Records for the task:
+ + + + +

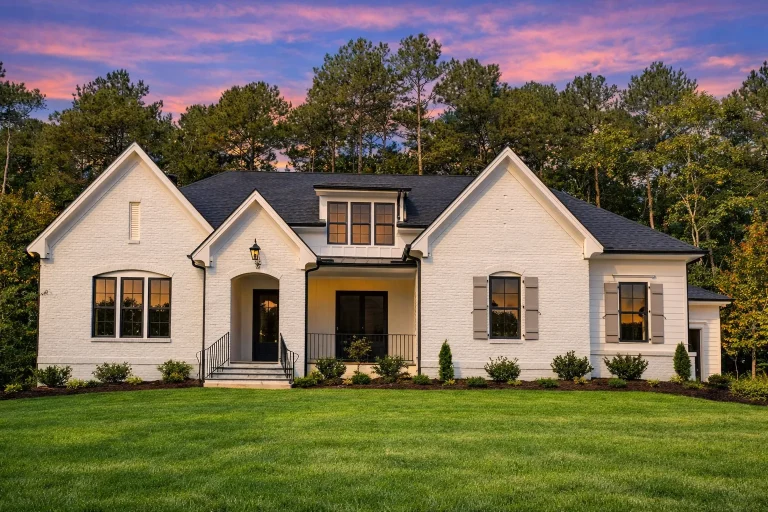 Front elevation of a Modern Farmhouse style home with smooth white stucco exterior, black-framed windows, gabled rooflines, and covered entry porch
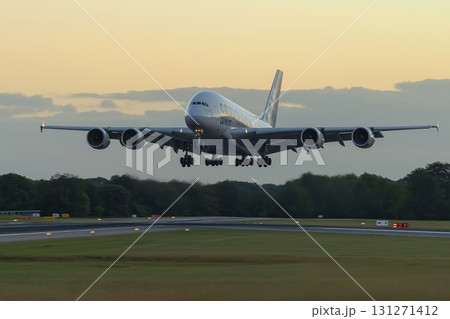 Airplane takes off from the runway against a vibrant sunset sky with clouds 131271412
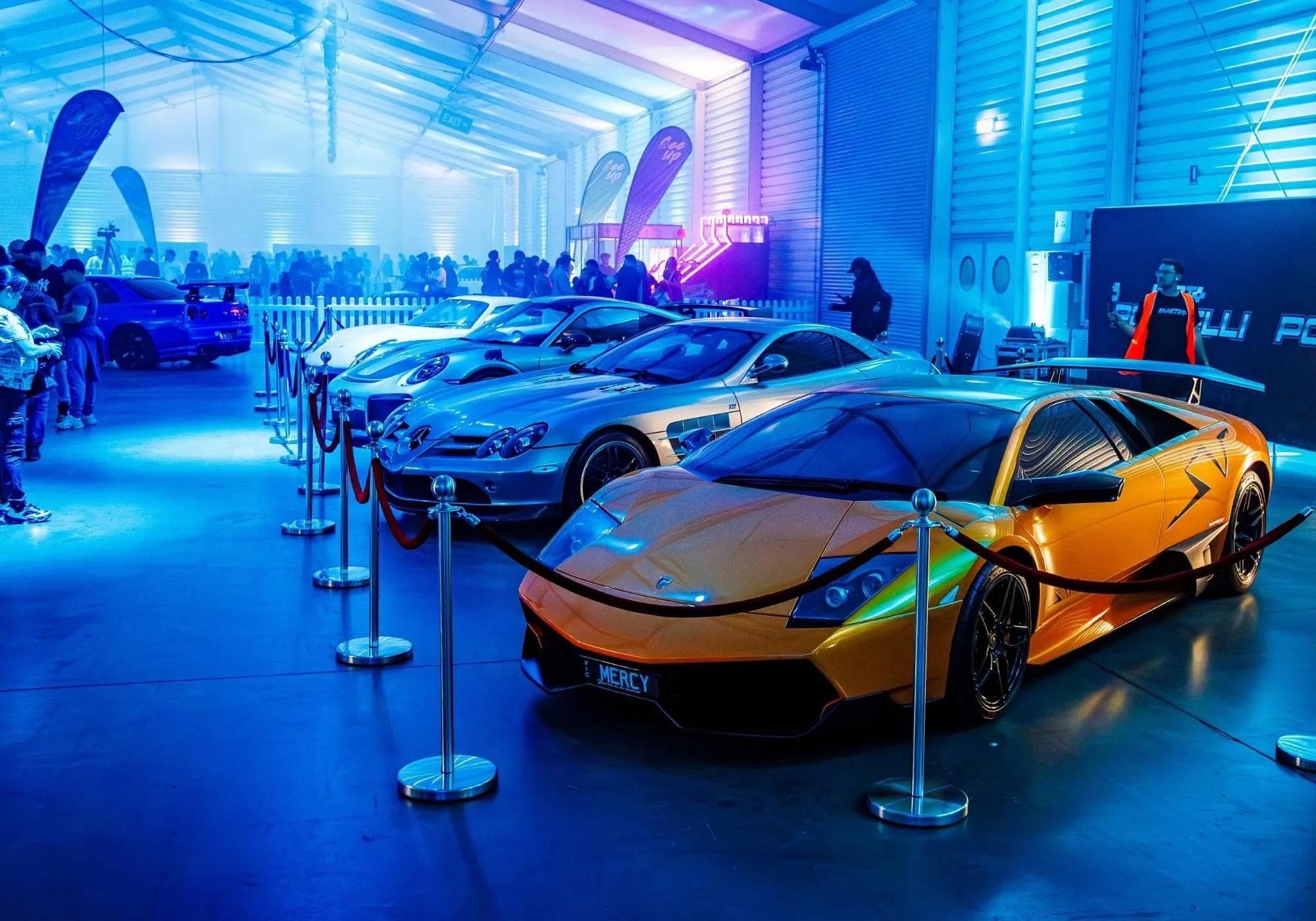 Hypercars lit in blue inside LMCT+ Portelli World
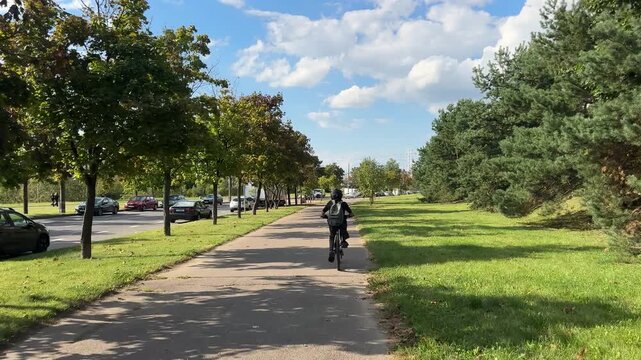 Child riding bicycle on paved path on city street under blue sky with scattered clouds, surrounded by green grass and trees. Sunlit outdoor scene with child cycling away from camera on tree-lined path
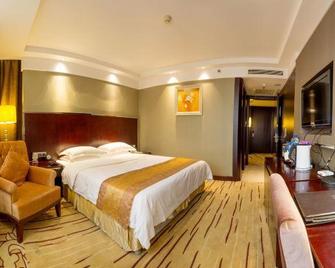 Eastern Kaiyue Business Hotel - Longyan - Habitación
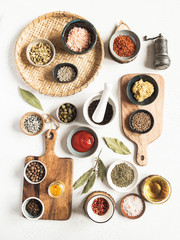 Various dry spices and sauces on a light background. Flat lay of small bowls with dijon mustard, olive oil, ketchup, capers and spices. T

+ + + + +

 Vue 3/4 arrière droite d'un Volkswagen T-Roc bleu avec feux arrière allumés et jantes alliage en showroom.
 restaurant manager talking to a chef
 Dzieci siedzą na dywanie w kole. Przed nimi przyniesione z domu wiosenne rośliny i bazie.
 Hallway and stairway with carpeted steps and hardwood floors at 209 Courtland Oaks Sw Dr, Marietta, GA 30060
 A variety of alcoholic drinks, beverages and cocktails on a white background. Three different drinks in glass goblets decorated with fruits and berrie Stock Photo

+ + + + +

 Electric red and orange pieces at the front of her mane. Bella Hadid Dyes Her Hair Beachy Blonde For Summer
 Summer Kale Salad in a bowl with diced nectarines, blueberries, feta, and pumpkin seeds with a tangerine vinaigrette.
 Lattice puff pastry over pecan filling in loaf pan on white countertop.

+ + + + +

Task item:
Copy exactly the stretch of data above from the line with "Electric red and" through the line with "Lattice puff pastry", and omit all other lines.

Exercise solution:
 Electric red and orange pieces at the front of her mane. Bella Hadid Dyes Her Hair Beachy Blonde For Summer
 Summer Kale Salad in a bowl with diced nectarines, blueberries, feta, and pumpkin seeds with a tangerine vinaigrette.
 Lattice puff pastry over pecan filling in loaf pan on white countertop.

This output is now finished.